Fund recoveries for clients and creditors of bankrupt crypto lender BlockFi will depend heavily on the firm's claims against its commercial counterparties including FTX and Alameda, court filings from Friday show.
In its wind-down plan filed to the U.S. Bankruptcy Court for the District of New Jersey, BlockFi said that "the success or failure" of litigation supporting these claims "will make a difference of in excess of $1 billion" to clients waiting for their money back.
The plan also set out a list of projected recoveries, including liquidation of around $1.06 billion in BlockFi Inc. Interest Account Claims, $216 million in BlockFi Lending LLC Private Client Account Claims and $371 million in BlockFi International Ltd. Private Client and Interest Account Claims – though recoveries eventually received by clients "may differ materially" from projected figures.
"While recoveries will be based on a number of factors, the largest driver of higher recoveries are our claims against Alameda and FTX," the firm tweeted on Friday.

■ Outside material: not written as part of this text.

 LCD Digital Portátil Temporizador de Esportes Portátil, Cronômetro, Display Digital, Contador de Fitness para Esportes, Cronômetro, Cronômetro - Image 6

BlockFi has around $355 million in crypto frozen on FTX and another $671 million in a loan to FTX's trading arm Alameda Research, which are also going through chapter 11 wind-down proceedings in Delaware.
Last week, U.S. Bankruptcy Judge Michael Kaplan in New Jersey ruled BlockFi custodial wallet users can be returned nearly $300 million in funds owed. The liquidation plan filed on Friday "provides for the return of non-estate digital assets held in client wallet accounts in connection with the Wallet Program in full, subject to applicable set offs," the firm tweeted.
A hearing on the plan is set for June 20.